Excerpted records
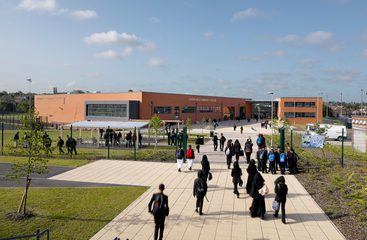 AHR-College-CrownHillsCollege-Architecture-Exterior4-Leicester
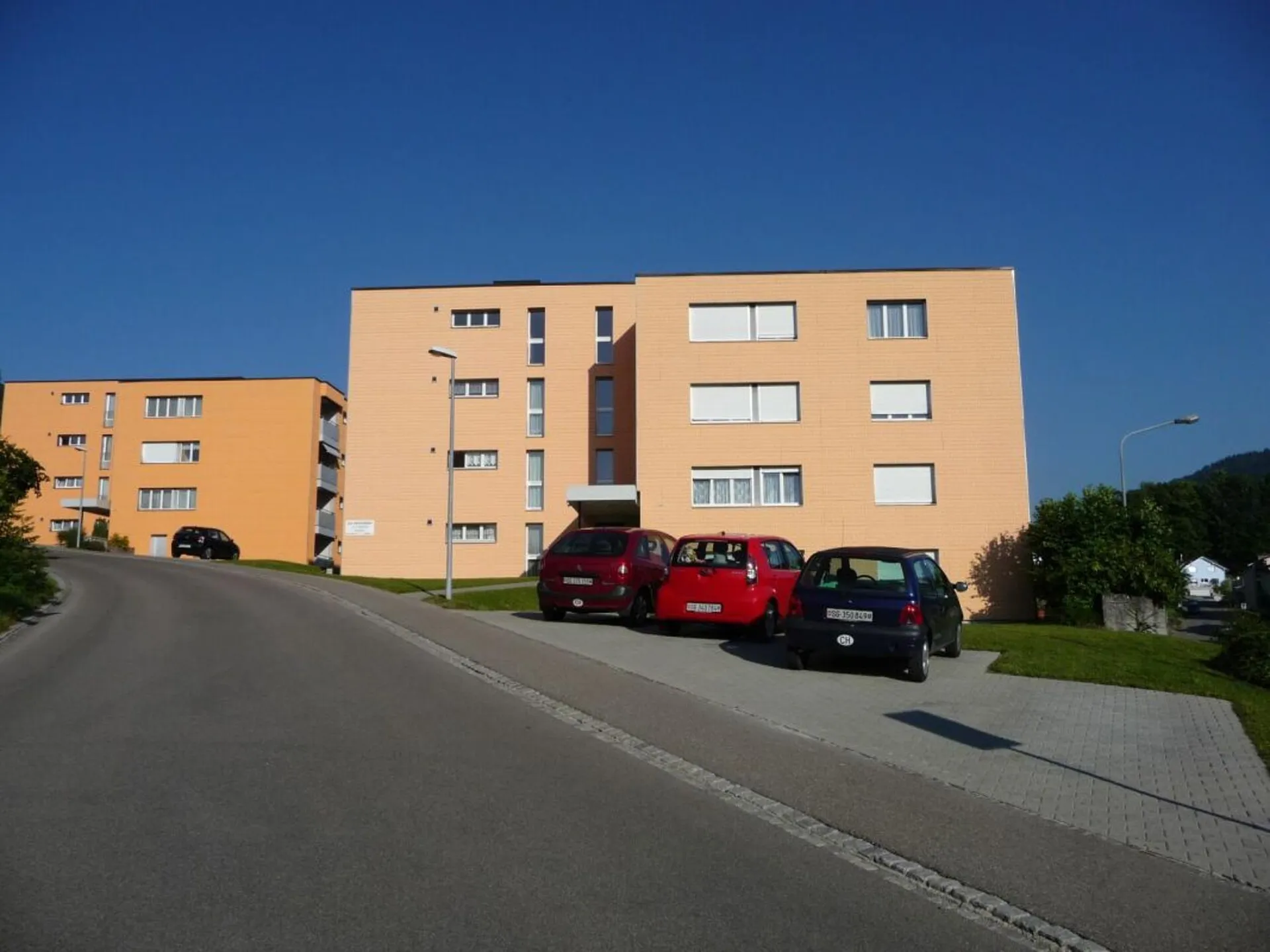 Günstig!, sonnig, ruhig, grosser Balkon! Sep. Küche.  2.5-Zi-Wohnung mit Aussicht!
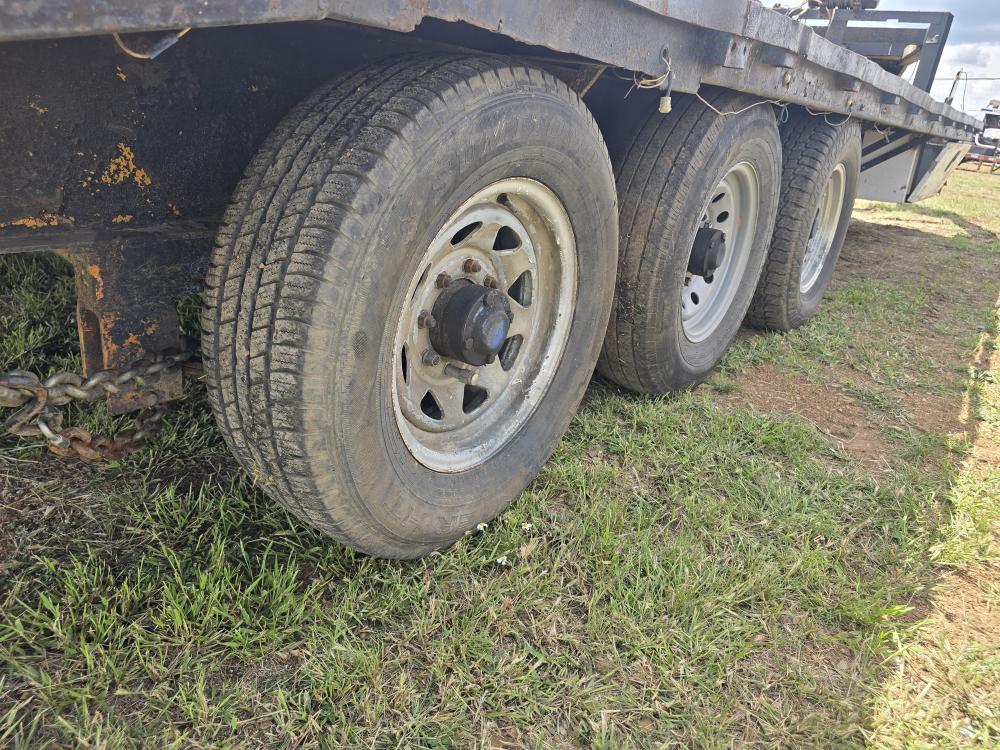 REMOLQUE CUELLO DE GANZO 3 EJES. 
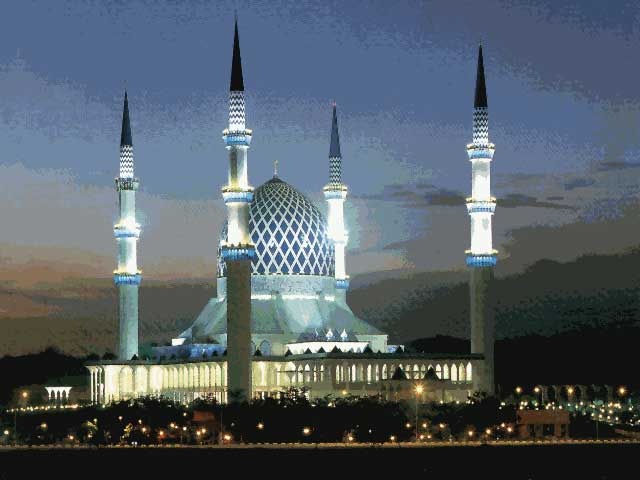 В связи с празднованием Ураза-байрам 6 и 7 июля объявлены нерабочими днями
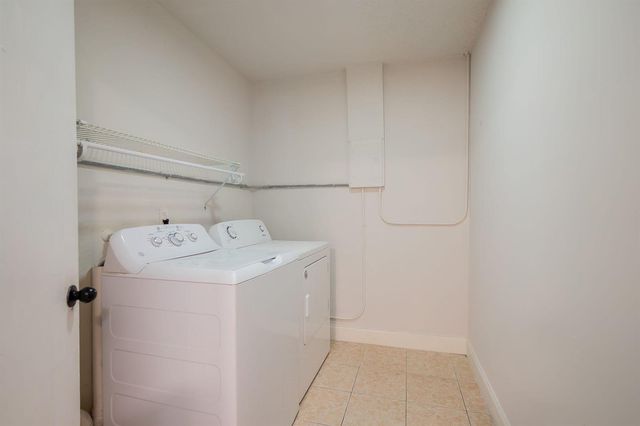 799 Ilene Road E, West Palm Beach, FL 33415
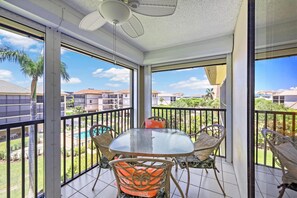 Condo, 1 Queen Bed with Sofa bed (South end condo with pool/spa and ste) | Outdoor dining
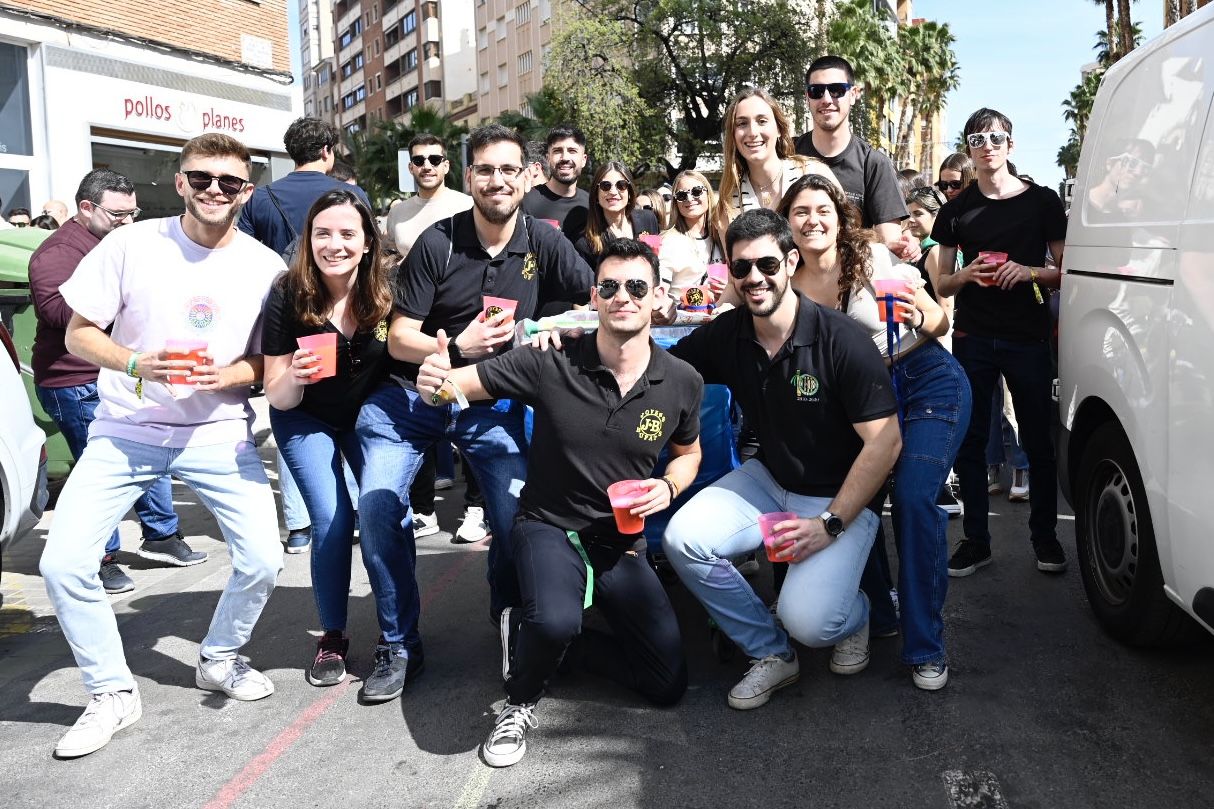 Búscate en la galería de fotos de las Collas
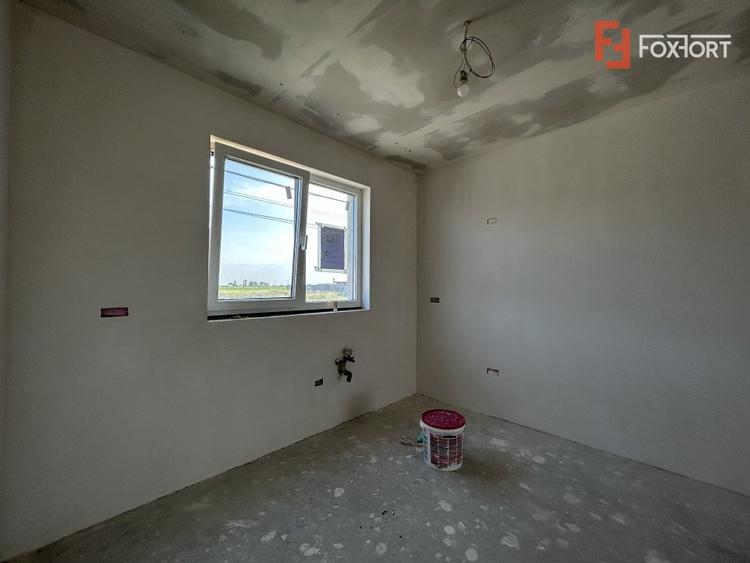 Duplex 4 camere si asfalt, Sacalaz - Parter + Etaj - ID V5368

Directions
The required output is each record above, reproduced exactly, without its pictures.

Response
 AHR-College-CrownHillsCollege-Architecture-Exterior4-Leicester
 Günstig!, sonnig, ruhig, grosser Balkon! Sep. Küche.  2.5-Zi-Wohnung mit Aussicht!
 REMOLQUE CUELLO DE GANZO 3 EJES. 
 В связи с празднованием Ураза-байрам 6 и 7 июля объявлены нерабочими днями
 799 Ilene Road E, West Palm Beach, FL 33415
 Condo, 1 Queen Bed with Sofa bed (South end condo with pool/spa and ste) | Outdoor dining
 Búscate en la galería de fotos de las Collas
 Duplex 4 camere si asfalt, Sacalaz - Parter + Etaj - ID V5368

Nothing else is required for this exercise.